ひょうご歴史研究室共同研究員

  中井淳史

 平成30年度より「赤松氏と城館」研究班に参加しています。現在研究班がとりくんでいる赤松氏居館跡や城山城跡は、以前の職場の研究プロジェクトでも注目していた遺跡で、私もその一員として何度か現地を踏査したことがありました。当時は諸般の事情から本格的な調査には至らずに終わってしまいました。10年余の時を経て思いがけずふたたび関わらせていただくことになって、不思議な因縁を感じています。

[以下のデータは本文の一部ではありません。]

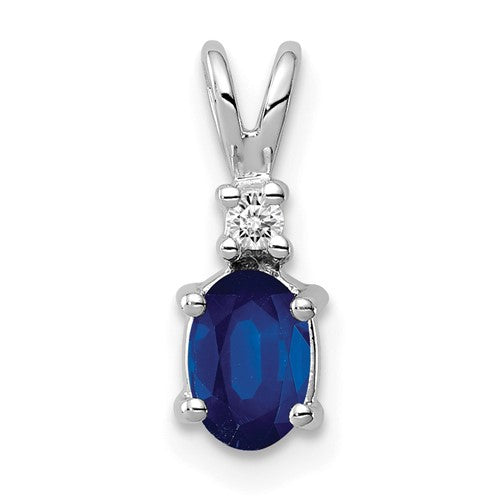 14k-white-gold-6x4mm-oval-sapphire-aa-diamond-pendant-SolomonJeweler-Wichita-KS-CustomJewelry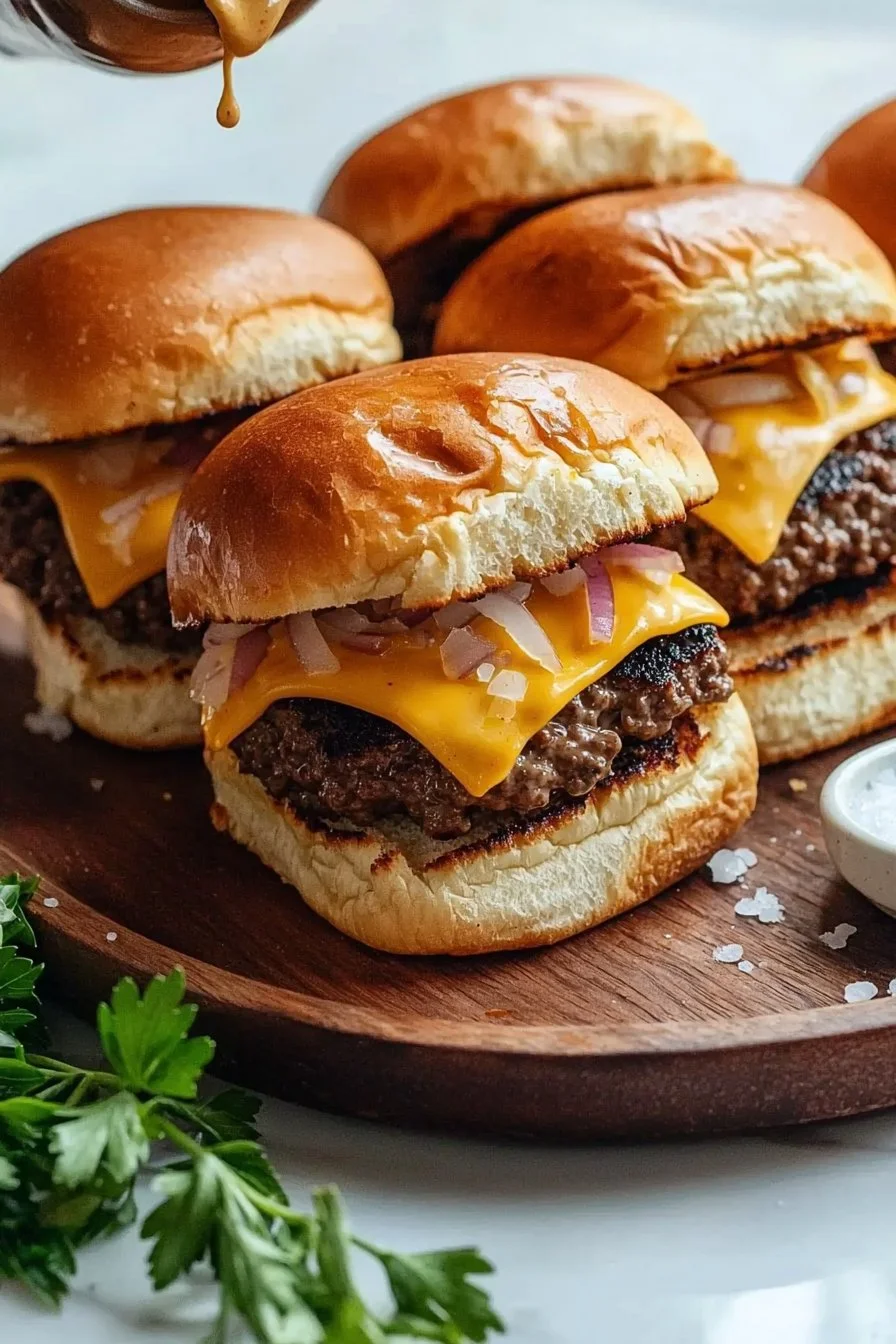Juicy hamburger sliders with secret sauce on a platter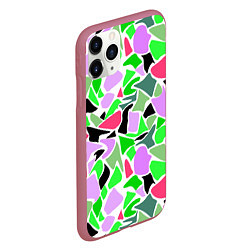 Чехол iPhone 11 Pro матовый Abstract pattern green pink spots, цвет: 3D-малиновый — фото 2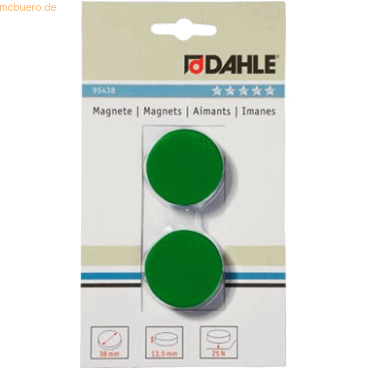 10 x Dahle Magnete 38mm grün VE=2 Stück von Dahle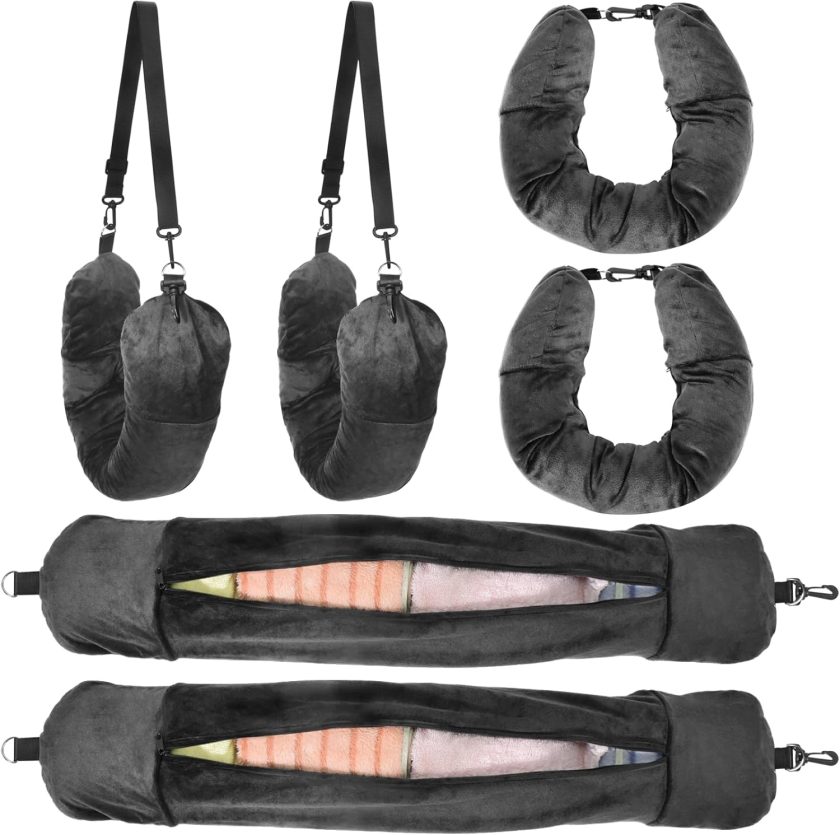 Neck Pillow for Traveling 2 Pack, Stuffable Travel Pillows for Airplanes with Clothes, Velvet U-Shaped Pillow Case Storage Bag with Snap Strap, Fillable Sleeping Pillow Travel Essentials (Gray)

 さて、私の専門は考古学で、中世の土器・陶磁器を研究しています。具体的には土師器(かわらけ)という素焼きの土器皿をずっと追いかけています。この焼き物は中世遺跡でもっとも多く出土する遺物のひとつで、地域や遺跡の性格を問わず大量に出土します。耐久性に限界があり、使用のサイクルが短いために、遺跡や遺構の年代を推定する「ものさし」として注目されてきました。一方で、大量に廃棄された事例がしばしばみつかることから、武家儀礼の道具として使われたとする意見もあります。

 赤松氏居館跡の発掘調査では大量の土師器が出土しました。この発見はいろいろな意味を持っています。ひとつは地元の土師器編年を検討する手がかりです。一般的に土師器の年代は、微細な形状の変化からたどる編年に基づき検討されるのですが、西播磨地域はこれまで調査例が少ないこともあって、土師器の変遷過程があまりわかっていません。一緒に出土した炭化物の放射性炭素年代から14世紀代と推測される今回の資料は、地域の土師器のありようを解明する良好な素材となりそうです。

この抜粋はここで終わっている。